His long and eventful life spans the whole growth of the American clock business from the days of Eli Terry and his handsawed wooden movements down to the maturity of the modern business supplying, by factory methods and the use of specialized machinery, millions of clocks to all parts of the world. He had made clocks all over Connecticut, in Plymouth, Farmington, Bristol, New Haven and Waterbury, as well as in Massachusetts and, for a time, in South Carolina and Virginia. He had worked with his hands for Terry and Seth Thomas at the old wooden wheels and veneered cases, which were peddled about the country and sold for thirty or forty dollars each to be the treasured timekeepers of many households. And he had headed a modern factory, turning out dollar clocks by the tens of thousands.

It is said that a child in the first few years of its life lives briefly through the whole evolution of civilized mankind. That "infant industry," American clock-making, likewise, in the short space of fifty years passed through most of the steps of the whole growth of time-recording between the Middle Ages and our own era. This country stands now among the leading clock-making nations of the world; its product is famous in every land and a timepiece from Waterbury or New Haven may mark the minutes in the town from which Gerbert was banished for sorcery because he made a time-machine, or in that land between the rivers where the Babylonians first looked out upon the stars.

Most of the American clocks are still made in Connecticut; in fact, more than eighty per cent of the whole world's supply (excluding the German) comes from the Naugatuck Valley. The New Haven Clock Company, which is the successor of the Jerome Company, is to-day one of the largest. As far back as 1860, it was producing some two hundred thousand clocks a year. The Seth Thomas Company and others of the historic concerns are still at work in various portions of the state. And the Benedict & Burnham Company, with which, at one time, Chauncey Jerome was associated, became the Waterbury Clock Company, now regarded as the largest clock producer, and of which we shall hear more later on.

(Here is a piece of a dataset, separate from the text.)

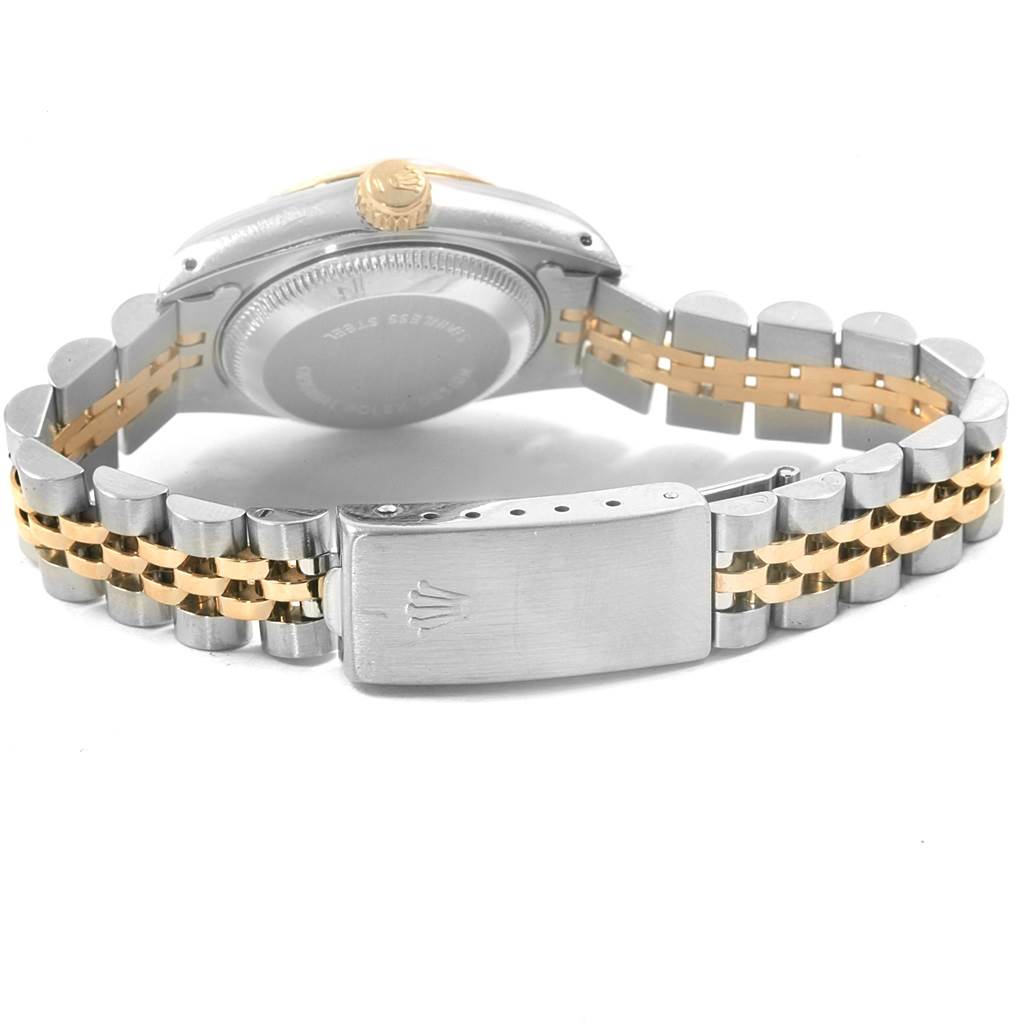 The image shows the back of a Rolex Datejust 69173 Women's Stainless Steel Champagne Dial 69173 Women's Stainless Steel Champagne Dial watch, focusing on the clasp, bracelet, crown, and case.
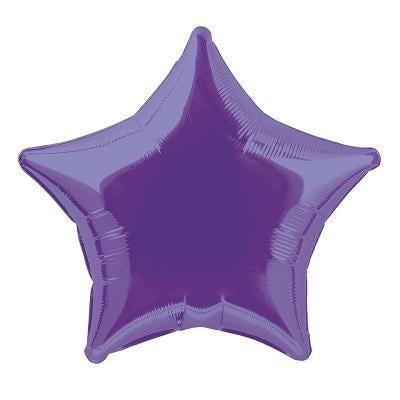 Deep Purple Star Shaped Foil Balloon-Metallic Helium Balloons-Party Things Canada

The key-note of the whole development was that new principle which American invention, prompted and stimulated by the pressing necessities of a new nation, brought into the business of time-recording—the principle of marvelously cheapening production-costs without loss of efficiency, through the systematic employment of machinery on a large scale.

As long as the inventive brains and the technical knowledge of the old-time craftsman found expression only through his own fingers, the results would be limited to his individual production, and the costs would be proportionately high. When, however, the master mind was able to operate through rows of machines, each under the supervision of a mechanic trained to its particular function, his inventive genius was provided with ten thousand hands and a hundred thousand fingers. Furthermore, the production gained in quality as well as in quantity, because of specialization, all the time its costs were in process of reduction. This, perhaps, has been America's chief contribution, not only to the making of timepieces, but, also to the world's industry in general.